### TASK REQUIREMENTS
If a record holds a picture, omit the picture, but copy everything else below exactly.

### ENTRIES PROVIDED
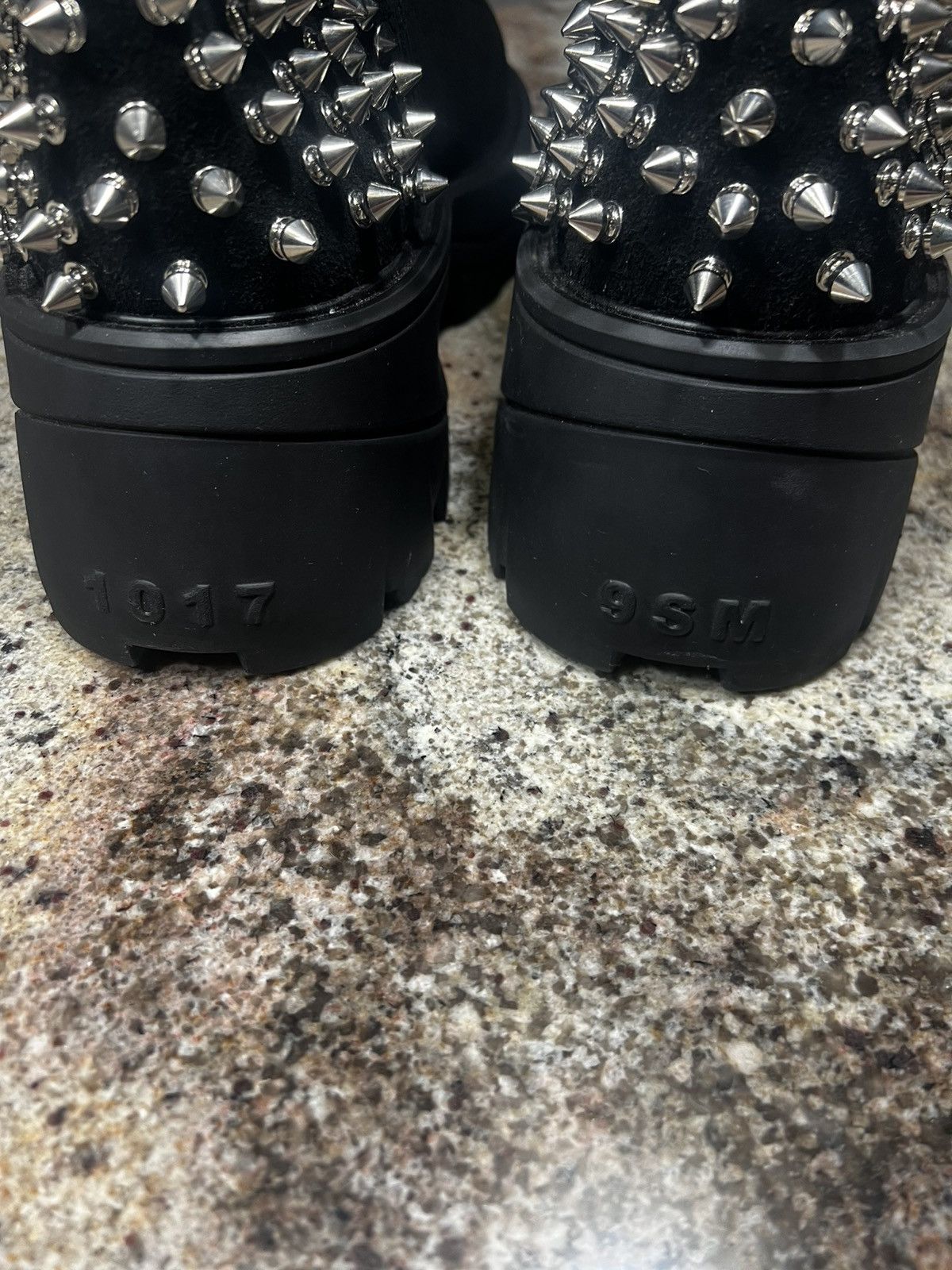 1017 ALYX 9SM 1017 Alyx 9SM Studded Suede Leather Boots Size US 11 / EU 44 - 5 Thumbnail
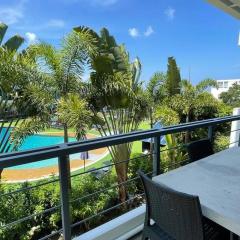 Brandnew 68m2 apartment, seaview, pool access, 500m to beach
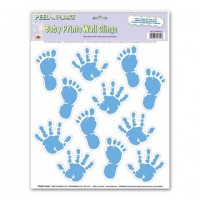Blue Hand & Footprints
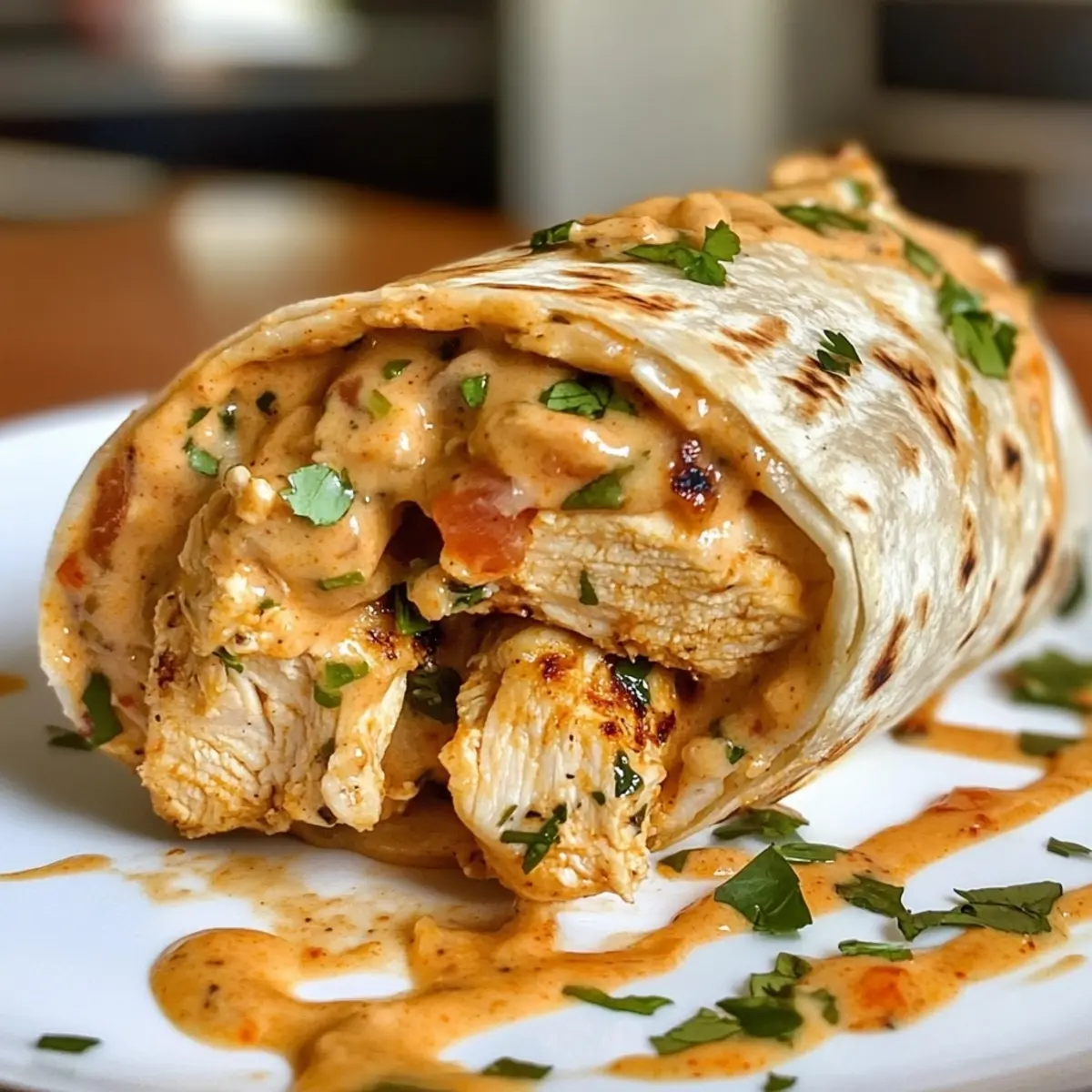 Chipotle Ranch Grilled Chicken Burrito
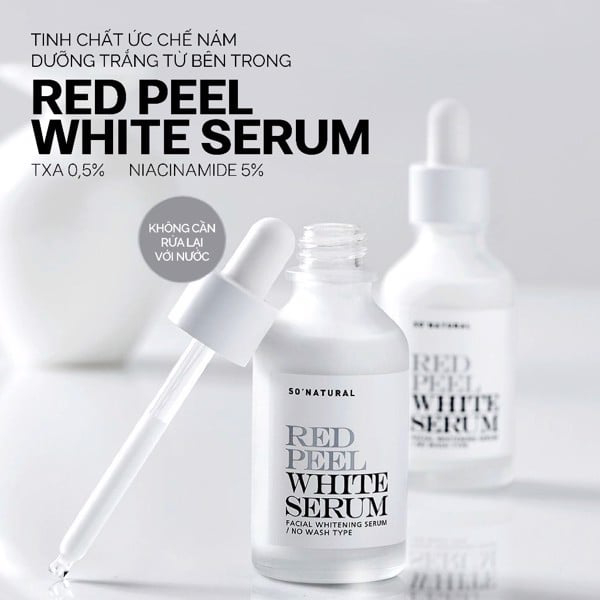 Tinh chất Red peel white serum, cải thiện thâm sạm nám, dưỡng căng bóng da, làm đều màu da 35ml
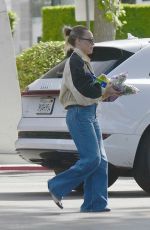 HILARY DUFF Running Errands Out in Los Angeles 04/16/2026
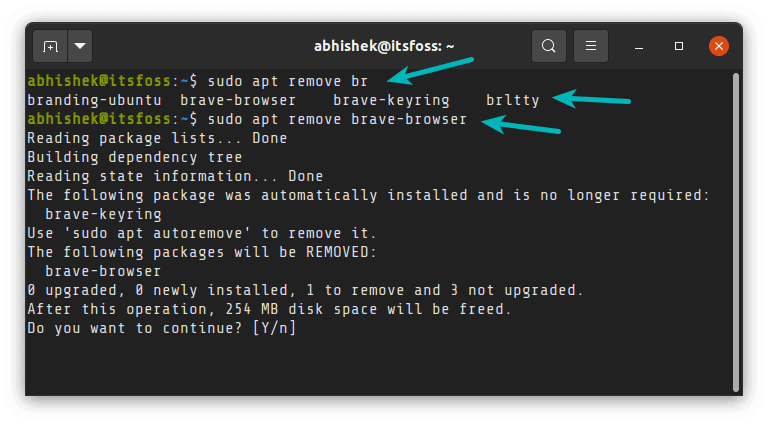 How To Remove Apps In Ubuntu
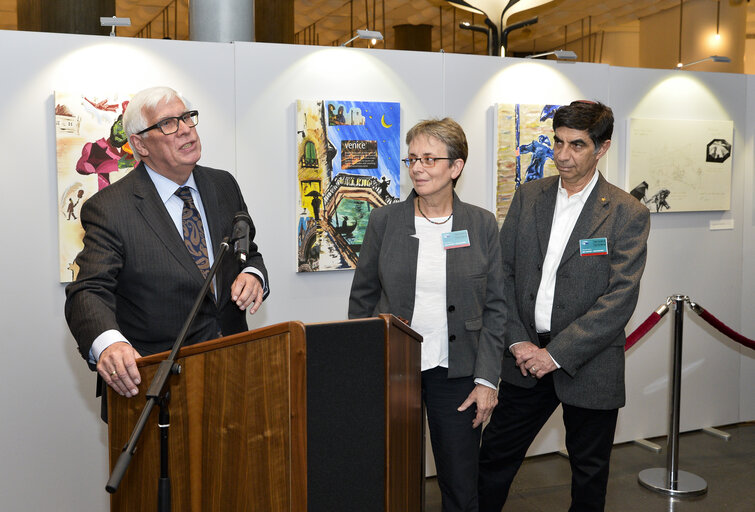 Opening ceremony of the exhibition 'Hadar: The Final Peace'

### SOLUTION BELOW
 1017 ALYX 9SM 1017 Alyx 9SM Studded Suede Leather Boots Size US 11 / EU 44 - 5 Thumbnail
 Brandnew 68m2 apartment, seaview, pool access, 500m to beach
Blue Hand & Footprints
 Chipotle Ranch Grilled Chicken Burrito
 Tinh chất Red peel white serum, cải thiện thâm sạm nám, dưỡng căng bóng da, làm đều màu da 35ml
 HILARY DUFF Running Errands Out in Los Angeles 04/16/2026
 How To Remove Apps In Ubuntu
 Opening ceremony of the exhibition 'Hadar: The Final Peace'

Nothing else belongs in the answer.